At present, however, it hasn’t eventuated into much more than ‘great potential’ with the current prefabricated Australian market accounting for only three per cent of the total construction industry. Prefabrication in Australia is in its foundational stages and has huge potential for exports, growth and employment.
Prefabrication of buildings isn’t new. It dates back to the 1800s in Australia, but many constraints surrounding the building standards and codes prove that it’s not going to be a quick transition to become more mainstream. Within the Queensland market, we also don’t build on the same large volume scales as countries like China, Europe and the US or even as Victoria and NSW, and prefab’s benefits (such as cost reduction) are most achievable when replicable structures are used. These are important facts to consider with building material construction costs increasing substantially over the past 20 years.

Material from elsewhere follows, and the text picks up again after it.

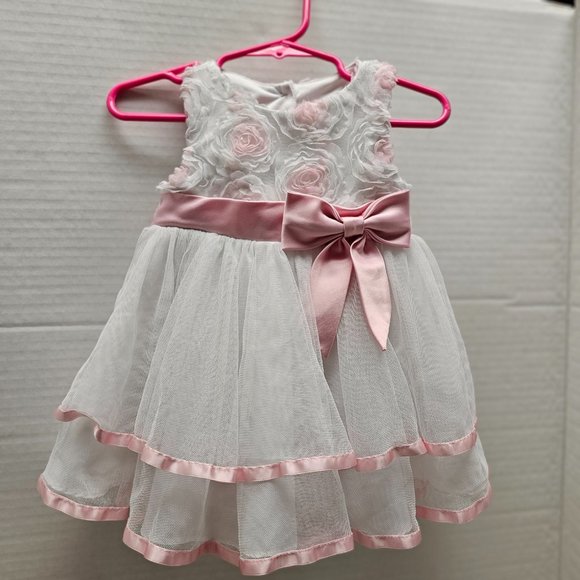 Rare Edition Girls Infant Toddler Pink White Satin bow Flower Dress Sleeveless 9 - Picture 1 of 16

The construction industry traditionally revolves around on-site construction projects, meaning almost everything is built and assembled on site. They don’t necessarily have the experience or knowledge in prefabrication. People in the construction industry are experts in construction. We need help from fabrication experts, working together with construction industry experts to integrate the two into this new age industry that the future is waiting on. Research has recognised productivity and efficiency gains in construction that can be delivered by advanced manufacturing techniques.
The final Ford Falcon rolled off the production line in October this year, leaving many without a job, but with experience in a dying industry in Australia. In many cases, these people are experienced and exceptional workers with extensive knowledge in on-site production line fabrication. Toyota produced its last car in Australia over a year ago, Holden has less than a year left building Commodores and Mitsubishi left our shores in 2008.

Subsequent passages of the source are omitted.